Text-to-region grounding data
= Beginning of Section =

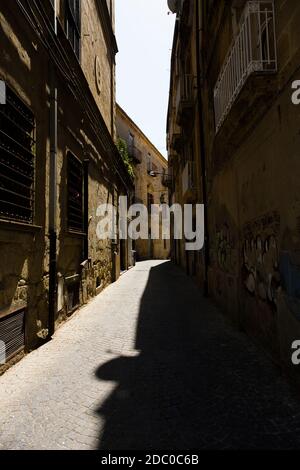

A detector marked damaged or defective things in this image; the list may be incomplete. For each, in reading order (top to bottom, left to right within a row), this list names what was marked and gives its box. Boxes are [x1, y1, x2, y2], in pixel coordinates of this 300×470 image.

rusty metal grate [0, 84, 35, 224]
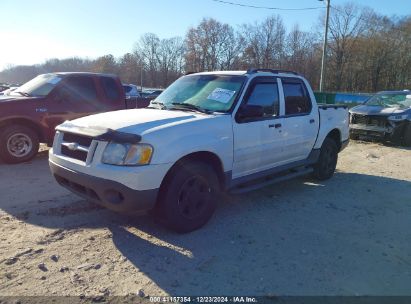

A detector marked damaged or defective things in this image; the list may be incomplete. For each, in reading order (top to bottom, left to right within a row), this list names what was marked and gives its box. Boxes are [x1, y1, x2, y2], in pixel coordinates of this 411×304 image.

damaged vehicle [350, 90, 411, 146]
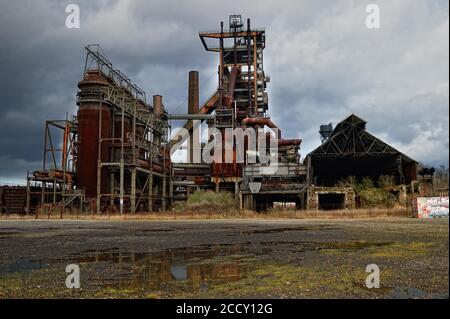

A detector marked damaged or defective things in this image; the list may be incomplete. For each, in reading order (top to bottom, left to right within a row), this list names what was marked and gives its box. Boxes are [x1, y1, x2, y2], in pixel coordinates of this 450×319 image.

rusty industrial structure [0, 15, 424, 215]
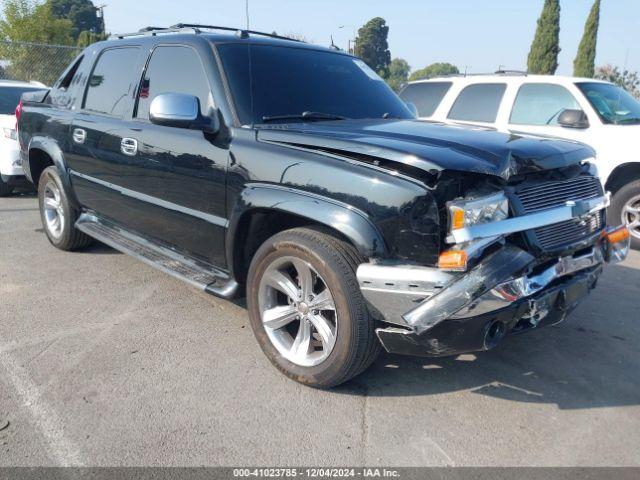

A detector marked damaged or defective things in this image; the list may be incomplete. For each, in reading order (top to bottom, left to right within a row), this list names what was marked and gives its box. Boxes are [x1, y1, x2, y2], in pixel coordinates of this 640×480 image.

bent hood [258, 119, 596, 181]
cracked headlight [448, 191, 508, 236]
crushed bumper [358, 227, 632, 358]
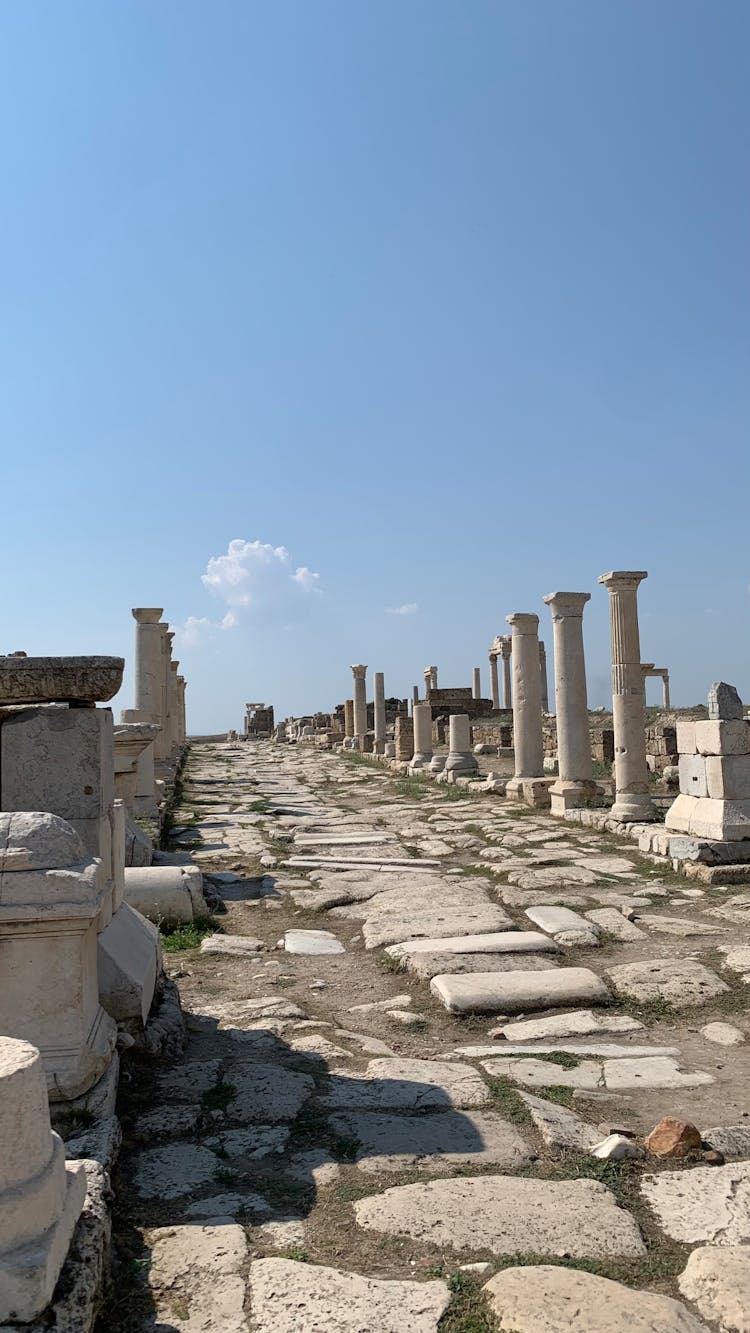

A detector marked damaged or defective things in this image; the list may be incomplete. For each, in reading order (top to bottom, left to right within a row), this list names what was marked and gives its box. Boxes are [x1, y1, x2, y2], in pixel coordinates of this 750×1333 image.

broken marble slab [284, 936, 346, 956]
broken marble slab [524, 908, 604, 948]
broken marble slab [584, 912, 648, 944]
broken marble slab [428, 972, 612, 1012]
broken marble slab [608, 964, 732, 1008]
broken marble slab [494, 1016, 648, 1048]
broken marble slab [320, 1056, 490, 1112]
broken marble slab [328, 1112, 536, 1176]
broken marble slab [354, 1176, 648, 1264]
broken marble slab [644, 1160, 750, 1248]
broken marble slab [247, 1264, 450, 1333]
broken marble slab [482, 1272, 712, 1328]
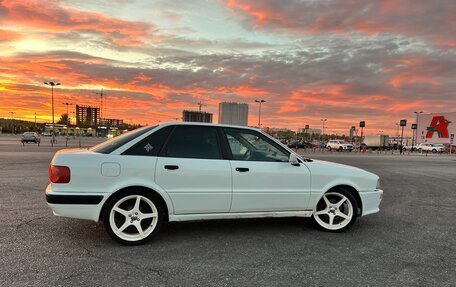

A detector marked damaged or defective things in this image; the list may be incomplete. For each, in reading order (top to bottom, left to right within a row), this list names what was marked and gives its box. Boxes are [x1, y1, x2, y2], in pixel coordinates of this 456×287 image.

cracked pavement [0, 137, 456, 286]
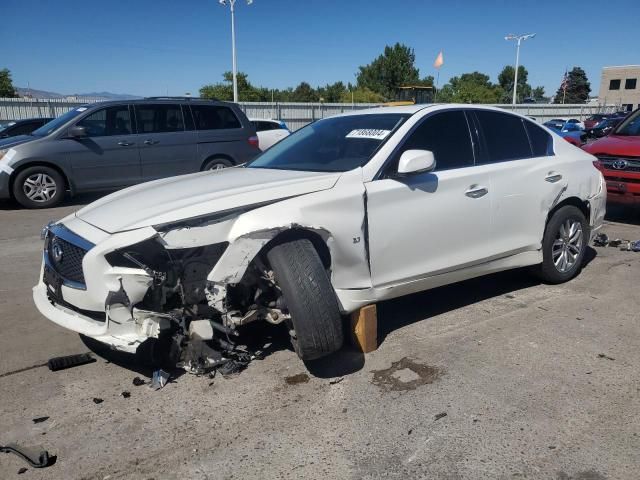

= End of Section =

__What is needed__:
Your reply should give again exactly the lines from the one with "this 456×287 image." through the last line of the data, with both ends included and pictures left out.

__Solution below__:
A detector marked damaged or defective things in this image; the list may be incomplete. For each, in reading order (top to bottom, left to right within a row), this list names what was marked and gives its box. Boxes are [x1, y1, x2, y2], in pixel coordinates of this 456×287 image.

cracked pavement [0, 137, 456, 286]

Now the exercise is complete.